I have a loop that basically reads a large array and does some processing (on input data), then reads a small array and does some processing (on input data), and then repeats (using the same arrays but different input data).
Here, by large I mean too large to fit in cache, while small will fit in cache.
At the moment, when the large array is read, it kicks the small array out of cache. However, I expect performance could be improved if the small array could be kept within cache the whole time. So, is there a way to read the large array but not store it in cache, and then read the small array (which would then be kept within cache, since nothing would be kicking it out)?
I've tried using madvise(), but that doesn't seem to help.

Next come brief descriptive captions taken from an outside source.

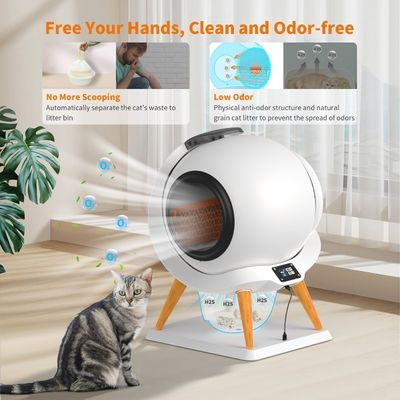 Gran bandeja de aseo para gatos autolimpiante encerrada en muebles de madera para diseños ODM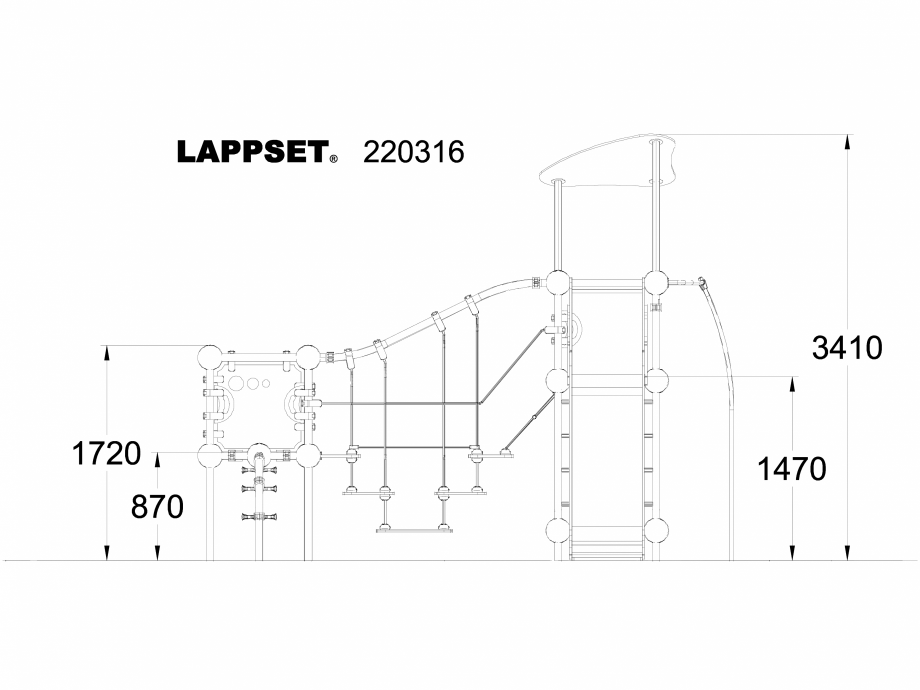 Pagina 1-CAD-DWG Echipament de joaca pentru copii - 220316 LAPPSET Detaliu de produs CLOXX 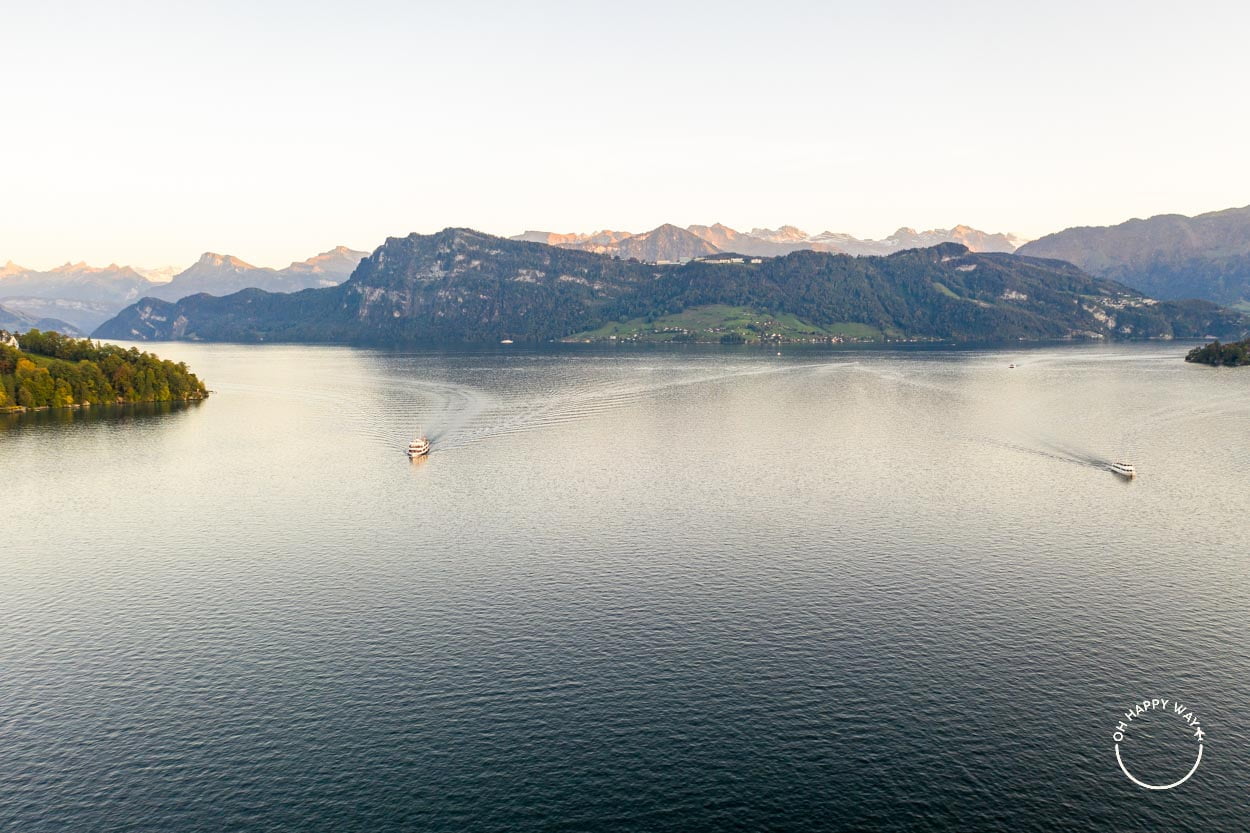 Vista aérea do lago Lucerna, Suíça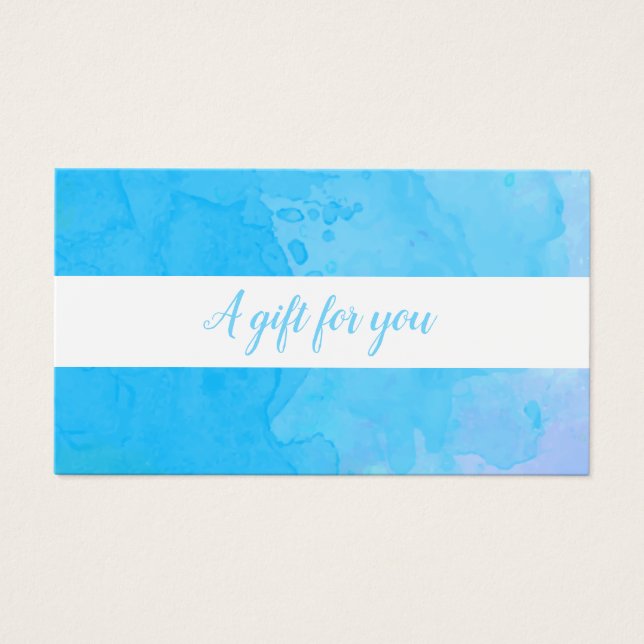 Certificat cadeau Elegant Blue Watercolor (Devant)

The recommended way to tell the processor to minimize displacement of other data in the cache would be to use the PREFETCHNTA instruction when reading the large array (but not when reading the small array).
This is most easily accessed using the "_mm_prefetch(*addr, option)" intrinsic (described in the compiler manuals in a section called "Cacheability Support Intrinsics") with the "_MM_HINT_NTA" option. You will want to set the address to be some distance ahead of the accesses that occur in the loop body. I would probably start with setting the address to something like 64 cache lines ahead of the current pointer, but experimentation will be necessary.
On systems with 512-bit SIMD support, you can use "#pragma prefetch arrayname:4" to automagically generate non-temporal prefetches (option "4" is for data that will not be re-used).
All of these are hints to the hardware, and are treated differently in different processor generations.
Note that if the execution time is limited by the time required to load the large array, then one would not expect the time required to re-load the small array to be a significant adder to the total time.